Friday, August 15, 2003 6:43:30 PM (W. Europe Daylight Time, UTC+02:00)
Well, I think it's really ugly, but I've run out of better proposals ;) I have lots of questions and few answers - here are some...

Is it possible for the same class to have multiple names? (There must already be *some* concessions to this, because, for example, "System.Exception" is also known as "java.lang.Throwable" - similarly for "Object" and "String").

I wonder if there could be some concessions for "well-known" assemblies, such as corlib, System, and the various System.* and Microsoft.* assemblies that ship with the framework.

How does this whole thing work with Mono which doesn't support strong names? What about unsigned assemblies?

How does this "round-trip"? In other words, if I use ikvmc to compile some Java code into a .NET DLL, use netexp to export that DLL, and try to use its classes, do I now need to fully-qualify them?

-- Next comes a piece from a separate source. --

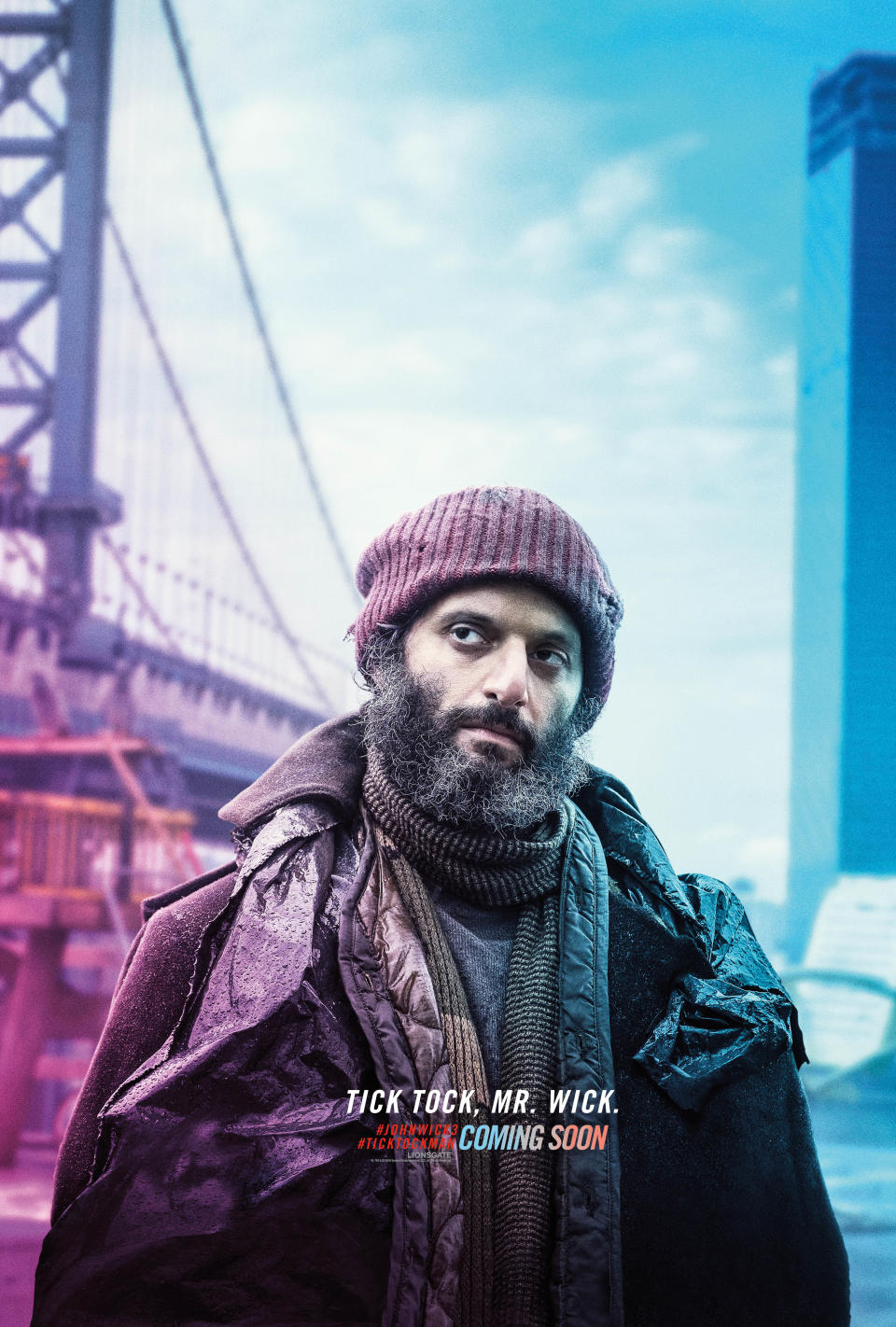 <p>Mantzoukas is primarily known for his comedy roles, so it’s interesting to see him associated with such a threatening tagline with his new character’s name. Could he be playing against type as a dangerous assassin? </p>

I guess my primary feeling is that all these solutions seem to make things worse than they currently are, where for the *most* part things "just work", and I don't have to understand strong naming or any of the other details of the .NET assembly loading model to be able to seamlessly interoperate between the two languages. I wish there were some way to solve the internal issues while still preserving that niceness-to-use.
Saturday, August 16, 2003 8:44:48 PM (W. Europe Daylight Time, UTC+02:00)
A agree with Stuart. I think that the following code must work always:

assert Class.forName(x).getName() == x.intern();

Given that, Class.forName("NET.System.String") should throw a ClassNotFoundException, as for Class.forName("NET.System.Exception"), and for Class.forName("NET.System.Object").

I believe that there is little or no need to call those methods, and so to import such classes.

If one needs to know, in a generic way, wich Java class represents a .NET class, a new method should be enough for that. For example, Class.NETforName("NET.System.String") should return the same value that Class.forName("java.lang.String"). Another method could be Class.javaNameFromNETName, such as Class.javaNameFromNETName("NET.System.Exception") returns "java.lang.Throwable".

So, I agree about using a prefix, but I suggest not using "NET.", and use "org.cli." instead, or something like this. "NET." is just too generic.
Sunday, August 17, 2003 4:48:42 AM (W. Europe Daylight Time, UTC+02:00)
I guess I don't fully understand the problem but I really dislike the idea of requiring prefixes when referencing or importing classes.
Why does the netexp implementation require that the class literal (which is compiled using Class.forName()) for statically linked netexp generated classes be in the classpath?
Why can't the bootstrap loader just dynamically load all of the referenced dlls with System.Reflection.Assembly.LoadFrom, and then the generated stubs would just use calls to java.lang.Class.forName? If this is too slow, the bootstrap loader could build a shared classtoassembly index and you could use a seperate class loader for each assembly as suggested above. Also, it's important to also be able to call java.lang.Class.forName from C# code that wasn't processed by netexp.